To become something new, something old needs to be surrendered. In classic Christian terms, something has to die for resurrection to occur. Seminarians are engaged in a constant parsing of the parts of them that need to die, and in a constant hope that resurrection will occur. Only resurrection never looks like we think it should. To the caterpillar, a butterfly is a ghost. Or at least alien, a different species altogether. So allowing things to die requires the surrender of control. It’s not success orientated in any way that makes sense, since you can’t name what success will look like, and can’t devise any clever scheme for achieving it. All you can do is look at yourself and say “here are the dying parts. Do I have the courage to let them die?”
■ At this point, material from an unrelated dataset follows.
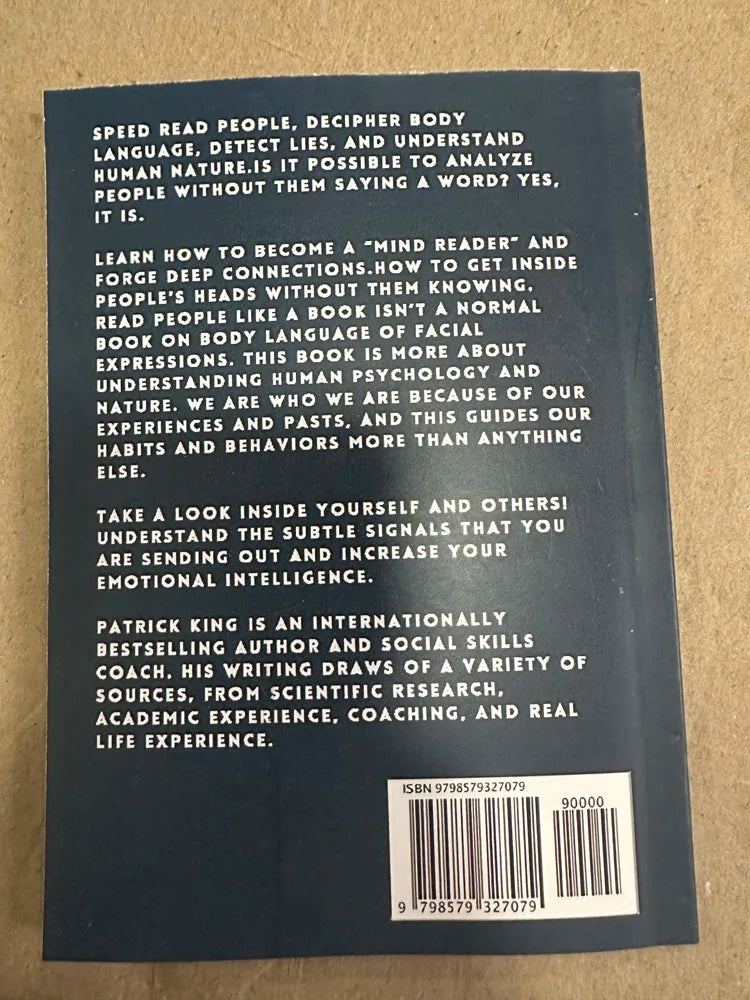 Read People Like a Book: How to Analyze, Understand, and Predict People’s Emotions, Thoughts, Intentions, and Behaviors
Berkeley Divinity School is a very different place than Seabury-Western, the now defunct seminary that I attended. At Berkeley, I sat in on an amazing class, the kind of class I only dreamed about when I was a seminarian. It was a privilege to be there, and I think that most seminarians also carry that sense of privilege, no matter which seminary they attend. Not ‘privilege’ in the sense that they think they deserve their good luck. Rather, a recognition that most Christians don’t get to dedicate three years to the study of their faith, in the company of some of the finest scholars in the world. A priest is an odd creature. We are not better than other Christians. But we know more, at least intellectually. It is our role and our privilege to bring back the fruits of our study to the parish, to tell people about all of the things that we have learned. Seminarians who are being formed to do this have to ask “how will I tell other Christians about what I’m learning, how will I translate the language of the academy into the language of the preacher?” If that is the question, then missing a class or doing badly on an exam can be felt to have outsized ramifications. One wants to make the most of one’s education. One is also exhausted by the internal work that runs alongside the academic work but that the academy allots no time for. But if you miss something it might end up in you making a mistake when it really matters, once you’re out of seminary and people are looking to you for leadership.

Somehow, in the end, this intense and flawed process actually works. We manage to form good priests and ministers. As my visit progressed, I found myself wanting to remind my friends that the parish is not a seminary. Parishes can be weird, but they will never approach the extravagent weirdness of a divinity school. Priests are looked at and judged, but not by people whose job it is to judge them. Mostly we’re regarded with the hazy generosity of busy people. We continue to go through processes of death and rebirth, but those processes tend to elongate, and we go into and emerge from the tomb mostly when some huge life event leads us to, not on a monthly basis. And we can study at our own pace. I believe that continued study is one the basic components of the priestly life. But if I only half read a book before I preach on some point that it makes, few people will care or call me on it.

Perhaps it’s best to end with a prayer for seminarians. Here is my offering

Jesus Christ, creator of the universe, fill our minds with your thoughts and our hearts with your compassion. Be with our seminarians, as you are with all of your disciples, patient and attentive, modeling rest and graceful friendship. Help them to know that they are not alone as they carry their crosses, but part of a vast procession of those who have walked through the ages, answering your call and bearing your burden. Lead them to the tomb and into resurrection, from the room of fear into the wonder of the ascension. In your name we pray. Amen.